SOURCE DATA –

────────────────────

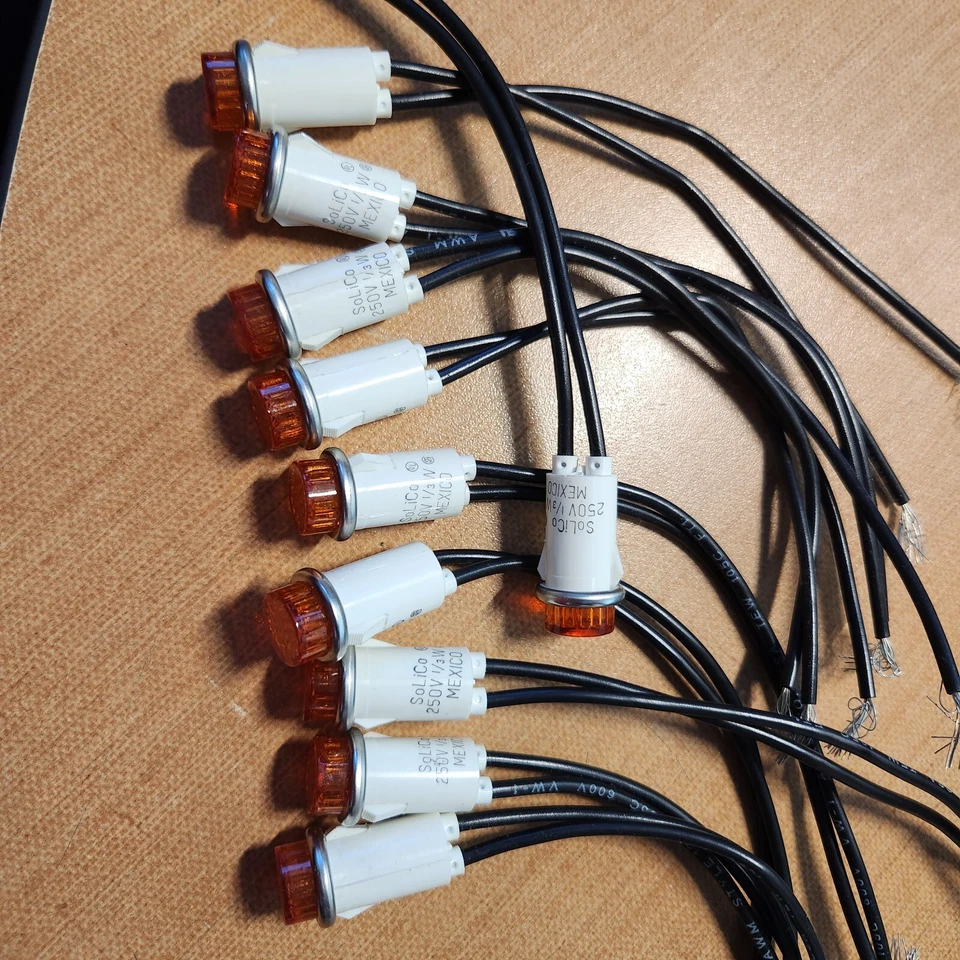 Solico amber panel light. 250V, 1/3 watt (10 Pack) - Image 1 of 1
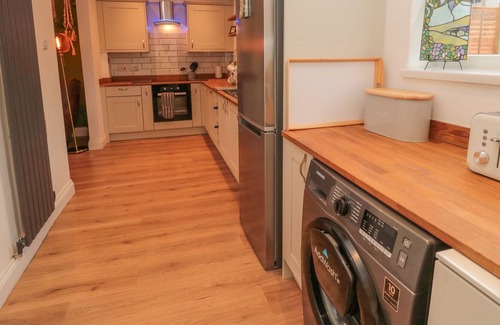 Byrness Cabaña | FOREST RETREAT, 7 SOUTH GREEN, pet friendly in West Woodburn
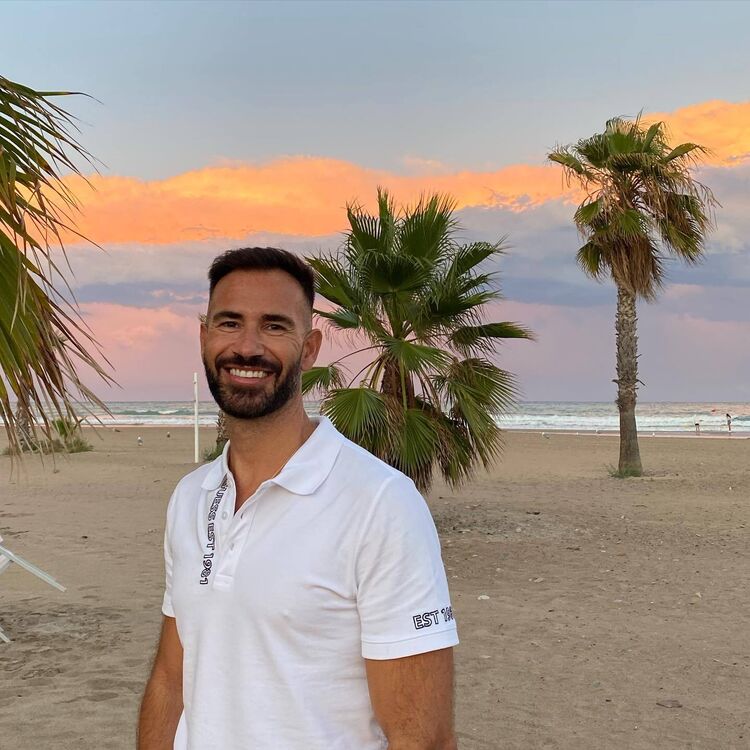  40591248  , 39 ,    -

────────────────────

TASK BRIEF – Print the data exactly as written, dropping any images it holds.

REPLY –
 Solico amber panel light. 250V, 1/3 watt (10 Pack) - Image 1 of 1
 Byrness Cabaña | FOREST RETREAT, 7 SOUTH GREEN, pet friendly in West Woodburn
  40591248  , 39 ,    -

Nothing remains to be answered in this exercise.